Mada Masr

Mada Masr
مدى مصر
Independent, progressive journalism
Mada Masr Logo.svg
Format Online newspaper
Founded 30 June 2013 (2013-06-30)
Political alignment Left-wing
Language Arabic and English
Country Egypt
Website Official website Edit this at Wikidata

Mada Masr (Arabic: مدى مصر‎) is an independent Egyptian online newspaper, founded in June 2013 by former journalists of the English-language newspaper Egypt Independent following the shutting down of its editorial operations in April 2013. It is an independent,[1] liberal newspaper.[2]


Cover of the final edition of Egypt Independent

Egypt Independent was a weekly, 24-page English-language newspaper that had evolved from the English web edition of the newspaper Al-Masry Al-Youm.

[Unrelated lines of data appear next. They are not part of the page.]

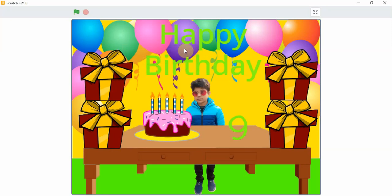Hello everyone, today I made a Happy Birthday project in Scratch. First we will play it and then we will learn how to make it — how I made it. Now let's play.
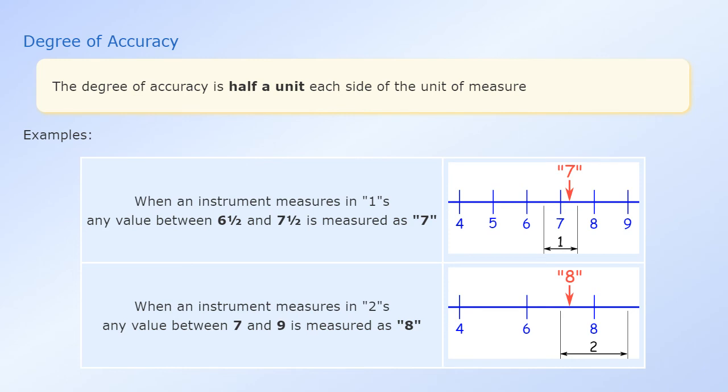Notice that the arrow points to the same spot in each case, but the measured values are different.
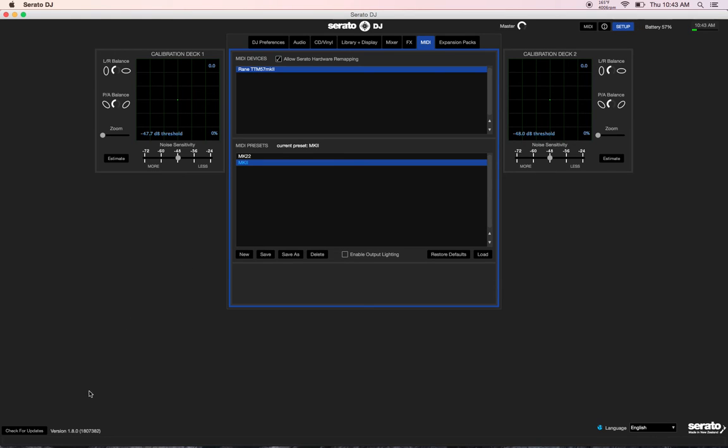So have a go with 1.8.0. Make sure to update the firmware and the control panel for the Rane TTM57 MK2. We have videos on that on our YouTube.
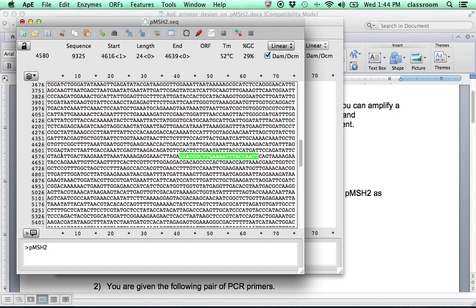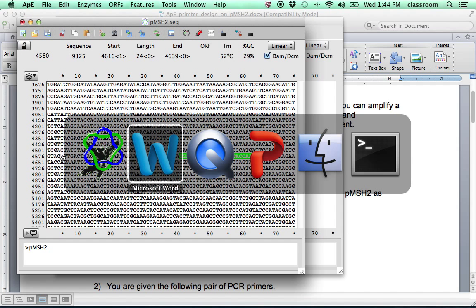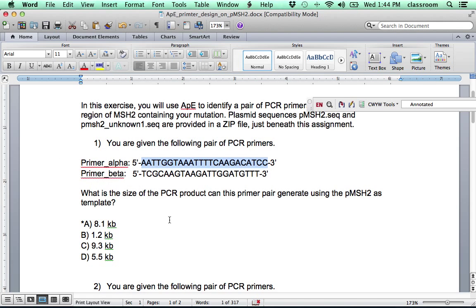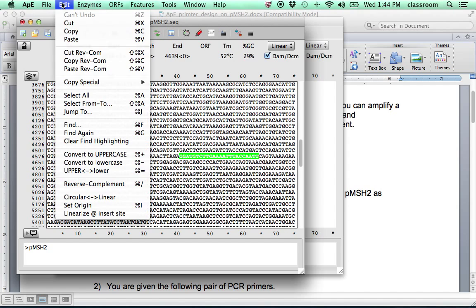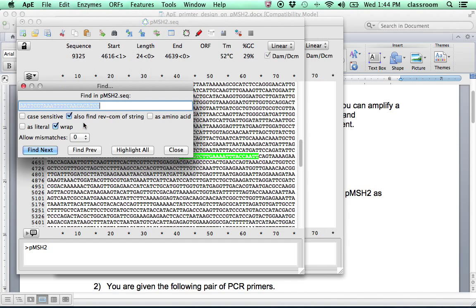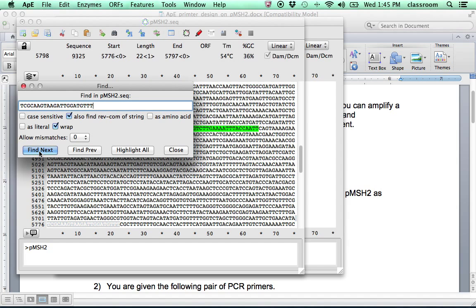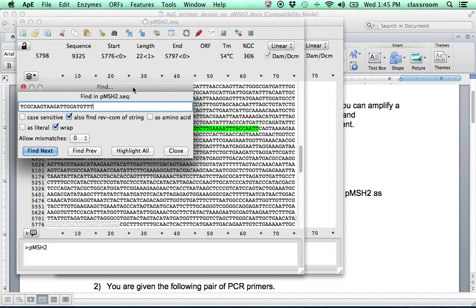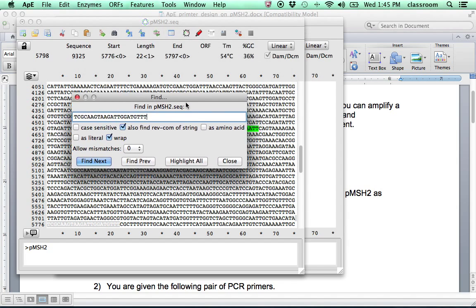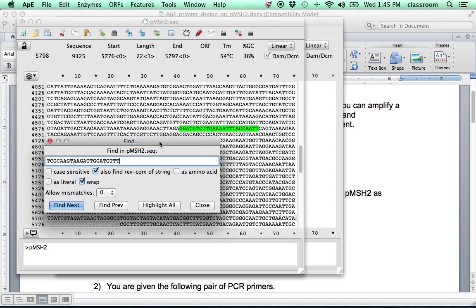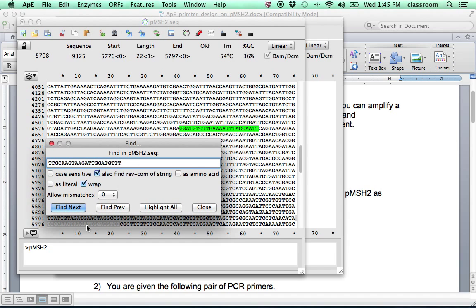And then we find the second primer, this primer beta. Highlight, copy, go back to APE. Edit, find, paste, find next. OK. The sequence now is here. TC, GC, the way to TDT.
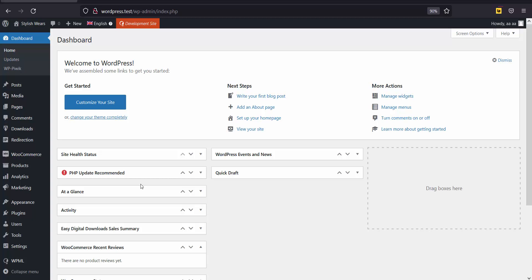I will skip the installation steps for these two plugins and move on to how to use the IP to Location Redirection plugin with the WPML plugin.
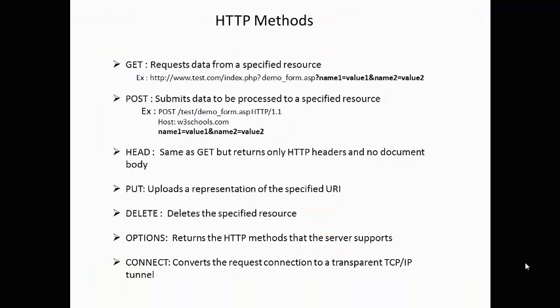HTTP Methods. Two commonly used methods for a request and response between a client and a server are GET and POST. GET requests data from a specified resource. POST submits data to a specified resource.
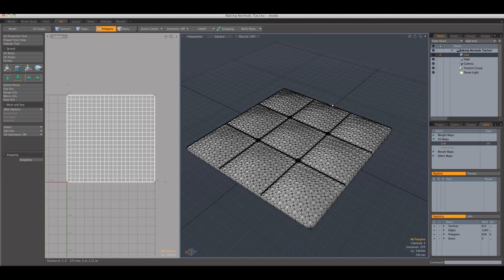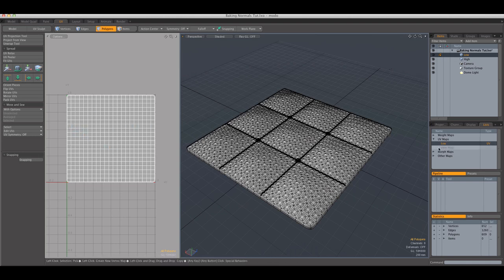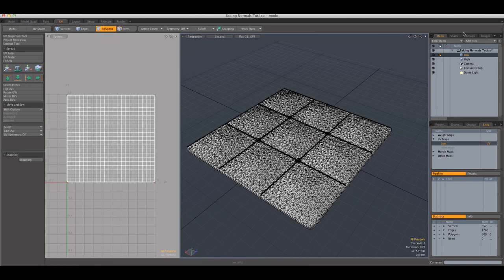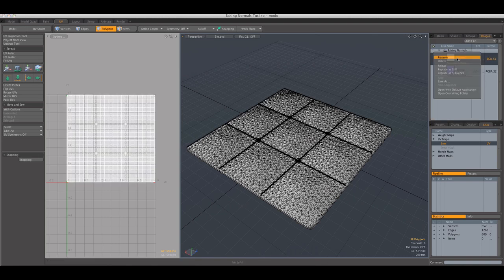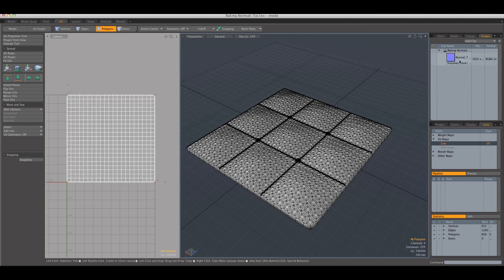So, with the low polygon model or object selected, make sure you have the UV map selected. And then, over to the images, these are remainders from my previous tests, let me get a drink.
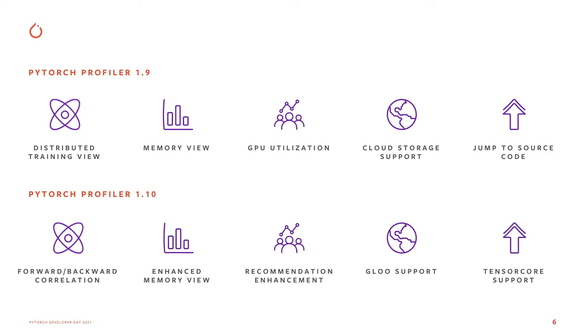And these can all be visualized on a trace view. The fifth feature is around Tensor Core. We officially now support Tensor Core.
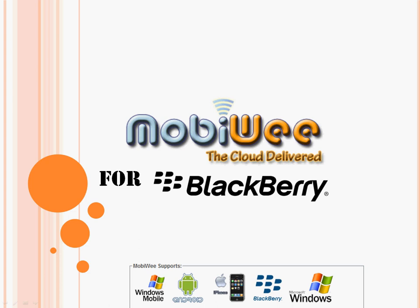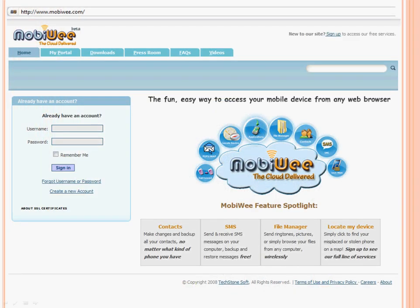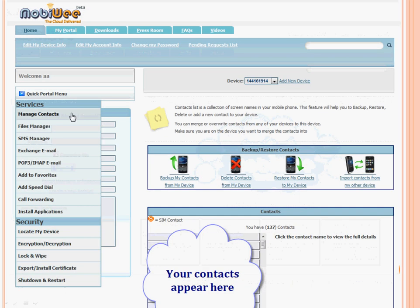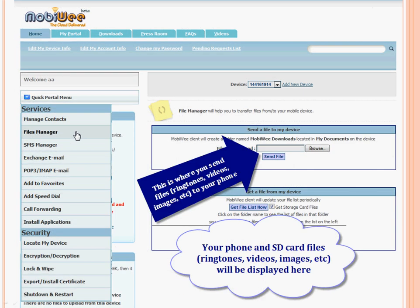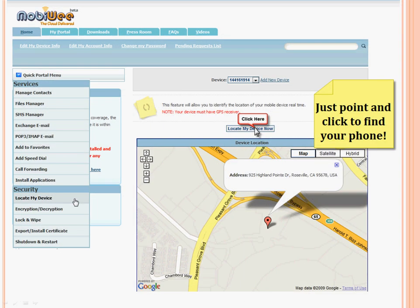Hi everybody, my name is Amira Samaha and I'm the Marketing Director for MobiWe. For those of you hearing about MobiWe for the first time, it's a set of free cloud services for your phone that lets you remotely backup or transfer your contacts from one phone to another, access all the files on your phone and SD card from our website, and it even uses GPS technology to tell you where your phone is when you lose or misplace it.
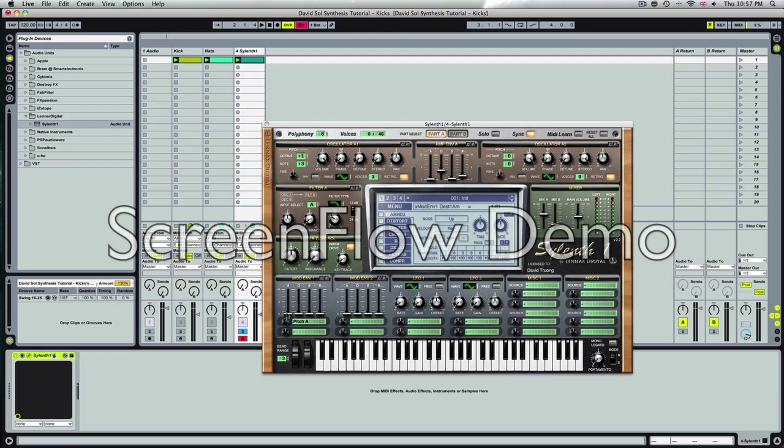That's cool. We won't touch the attack. The decay will change it to about 1. Sustain zero. Release to about 1.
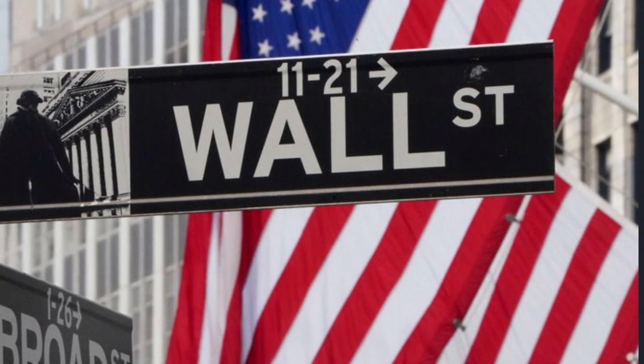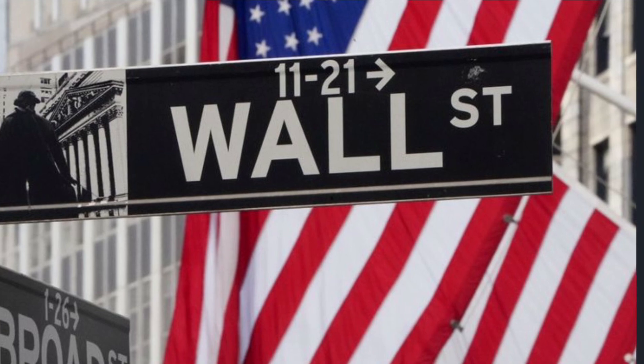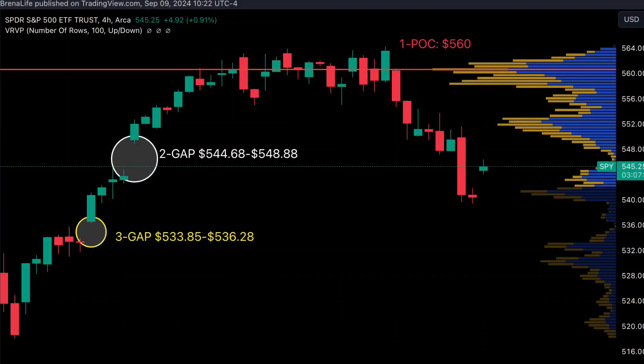So let's go ahead and get into it. I'm looking at SPY on the four-hour chart, because when volatility picks up, I like to look at a larger time frame — that kind of slows things down for me.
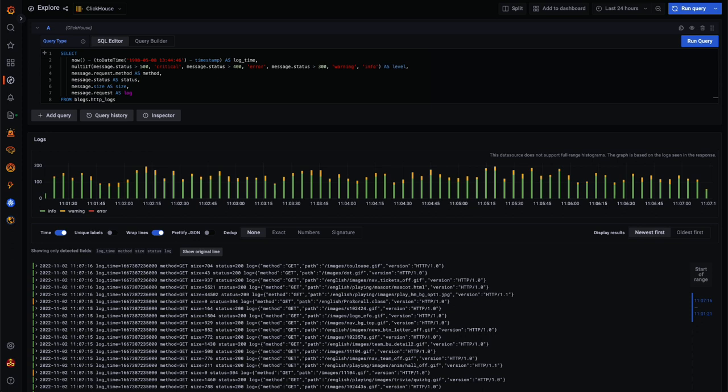In this video, we have shown some simple visualization techniques using the Grafana plugin. For further details on the visuals and queries shown in this video, we recommend the blog posts linked in the description. Thank you for watching.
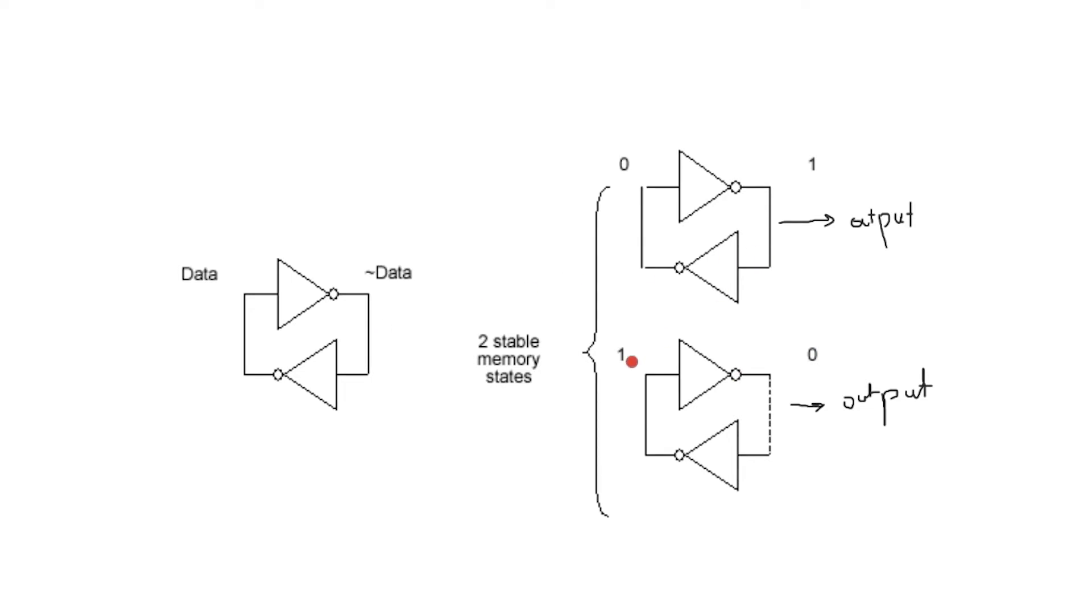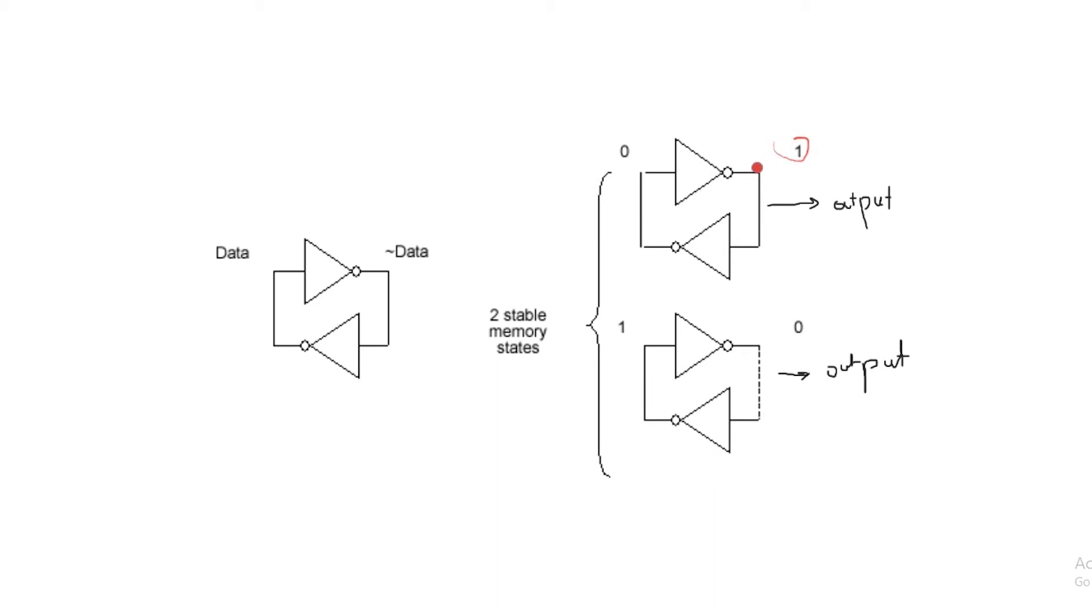For the logic high case, when this point here is logic 1, the voltage over here becomes logic 0 as this inverter inverts the logic level. The inverter here then again inverts the logic level back to logic 1 and the cycle continues.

Its first edition was published on 24 November 2011.[3]

In December 2011, the second edition of the newspaper was prevented from being printed, following internal censorship of an article[4] written by political scientist Robert Springborg which was critical of the Supreme Council of the Armed Forces.[5]

In April 2013, the editorial team was informed by the management of Al-Masry Media Corporation that their print and online news operation will be shut down.[6] The editorial team decided to put together a closing edition, which would have been published on 25 April, "to explain the conditions under which a strong voice of independent and progressive journalism in Egypt is being terminated".[6] However, the management decided in the last minute to withhold the printing of the final edition, so the editorial team decided to publish it online.[6][7]

The online edition of Egypt Independent was re-launched later that year.

Founding of Mada Masr

On 30 June 2013, Mada Masr published its first issue.[8][9]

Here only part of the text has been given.